### Input for this task ###
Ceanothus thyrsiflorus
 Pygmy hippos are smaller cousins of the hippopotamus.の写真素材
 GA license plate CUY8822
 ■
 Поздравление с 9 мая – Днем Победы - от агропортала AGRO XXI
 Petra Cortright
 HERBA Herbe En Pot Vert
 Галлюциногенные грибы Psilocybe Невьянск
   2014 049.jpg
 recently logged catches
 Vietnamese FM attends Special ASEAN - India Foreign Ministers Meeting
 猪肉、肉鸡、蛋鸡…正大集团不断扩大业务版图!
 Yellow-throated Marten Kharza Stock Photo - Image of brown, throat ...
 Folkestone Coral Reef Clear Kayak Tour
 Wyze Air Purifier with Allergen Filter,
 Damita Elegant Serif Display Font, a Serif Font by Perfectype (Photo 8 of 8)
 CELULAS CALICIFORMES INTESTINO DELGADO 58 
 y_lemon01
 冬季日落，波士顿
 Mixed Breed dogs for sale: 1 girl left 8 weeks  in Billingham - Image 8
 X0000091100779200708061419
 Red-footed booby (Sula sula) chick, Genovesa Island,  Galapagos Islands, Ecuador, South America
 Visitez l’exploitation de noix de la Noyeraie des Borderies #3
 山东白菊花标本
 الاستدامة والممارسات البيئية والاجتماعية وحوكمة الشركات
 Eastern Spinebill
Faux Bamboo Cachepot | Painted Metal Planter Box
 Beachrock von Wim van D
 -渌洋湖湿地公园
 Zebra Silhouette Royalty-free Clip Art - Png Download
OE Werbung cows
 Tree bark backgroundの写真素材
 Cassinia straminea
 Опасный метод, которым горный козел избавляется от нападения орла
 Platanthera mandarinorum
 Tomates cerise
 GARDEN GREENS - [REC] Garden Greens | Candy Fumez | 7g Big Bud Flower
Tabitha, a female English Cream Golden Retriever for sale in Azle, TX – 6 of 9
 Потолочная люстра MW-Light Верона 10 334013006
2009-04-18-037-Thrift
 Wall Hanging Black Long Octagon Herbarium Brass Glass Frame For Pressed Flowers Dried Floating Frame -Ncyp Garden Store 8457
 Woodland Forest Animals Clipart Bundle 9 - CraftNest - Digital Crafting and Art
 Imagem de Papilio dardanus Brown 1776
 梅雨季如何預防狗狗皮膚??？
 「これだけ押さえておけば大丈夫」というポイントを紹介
###
— Exercise aim —
When copying the data above, please keep exactly the lines from its first line through the line with "2014 049.jpg", both ends included, and drop the rest.

— Answer below —
Ceanothus thyrsiflorus
 Pygmy hippos are smaller cousins of the hippopotamus.の写真素材
 GA license plate CUY8822
 ■
 Поздравление с 9 мая – Днем Победы - от агропортала AGRO XXI
 Petra Cortright
 HERBA Herbe En Pot Vert
 Галлюциногенные грибы Psilocybe Невьянск
   2014 049.jpg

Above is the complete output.